With the winter refusing to loosen its grip, the pickings have been slim, but this is compounded by the fact that this is a new garden. The tardy spring is a also a clear reminder that when you start from scratch, a garden is a commitment to waiting and though I know it will ease as soon as the weather warms, right now I am feeling the hunger.
I have started a list of early to bloom flowers that I’d like to see more of next year. The garden could take more pulmonarias in several places and in quantity for that early colour, and so that I can lace them with early bulbs. Right now, this is a garden without bulbs, because I like to feel settled for at least a year before introducing a layer that can complicate change if you need to make it early on. We have bulbs in the meadow banks that are slowly establishing, but their absence amongst the new life of the garden is stark. I want to see erythroniums where there will be a little shade, Ipheion where the sun can spring open their flowers and early Corydalis to make their way through the groundcovers as they mesh together.
Up by the house and alongside the barn where we are a couple of years ahead and have already started to introduce the bulb layer, I have planted Crocus speciosus, Nerine bowdenii and Amaryllis belladonna for the autumn, but right now and rising above them all at the other end of winter is Gladiolus tristis.

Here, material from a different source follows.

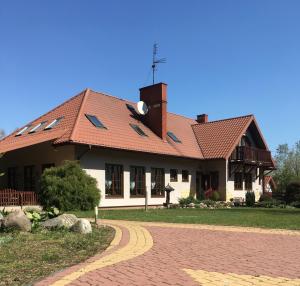 una casa con techo rojo en un camino de ladrillo en Pensjonat u Alexa, en Załuski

This willowy South African is a week or so later this year, but miraculous enough in its emerging form to stave off my hunger. Awakening from summer dormancy in the autumn, their needle like leaves push through the receding growth of their neighbours to stand tall already through the dark months. Reading will tell you that they need a sheltered spot and yes, I have seen this winter green foliage damaged in a frost pocket, but they have stood unscathed by this year’s winter on our exposed slopes. Literature will also tell you that the Marsh Afrikaner is to be found in wetland areas and on banks above streams in high grassland in the wild, but here free-draining ground and full sun provide their favoured position.
The flowers, which unfold themselves like bony fingers from their slender glove of foliage, are delicately balanced on almost invisible stems. Their necks tilt upward to suspend the flowers as they develop and there is room between each, flushing later in April first green then a luminous primrose to cream as they age. Standing at almost three feet by this point the hooded blooms will catch the slightest breeze to sway, tall and elegantly. At Great Dixter, where I first saw it in the Sunk Garden, I imagine its night perfume would be caught on still air held by the surrounding buildings. Here on our breezy slopes, we have it by the path so that you can dip your nose to the flowers at twilight.

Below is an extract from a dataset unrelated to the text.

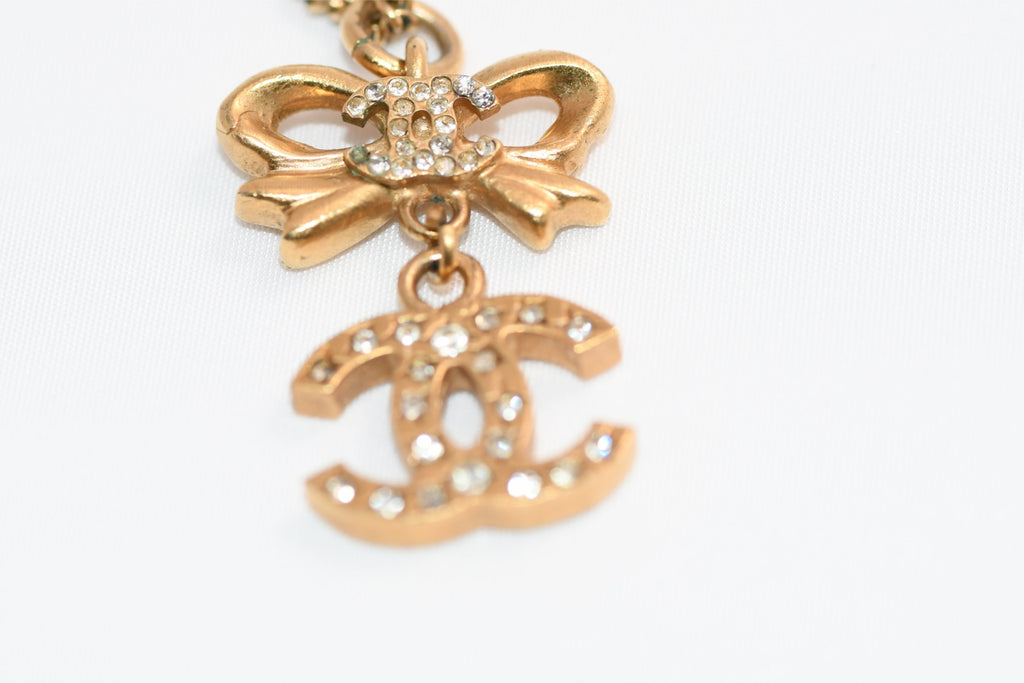 CHANEL Pendant Necklace Gold ribbon CC Logo silver rhinestone 06A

Staking the rangy limbs is necessary if they strain and topple for light, so I like to grow it hard in a bright, airy place to keep strength in the limbs. Staking it once it is grown is almost impossible, however, as its foliage is every bit as delicate as the reeds it resembles and will bend irreparably once it falters. A network of hazel twigs, inserted if you can remember in the autumn, will allow it to grow into position and not to distract from its finely drawn outline. One that in every move of its early awakening will help in staving off the hunger pains brought on by a reluctant spring.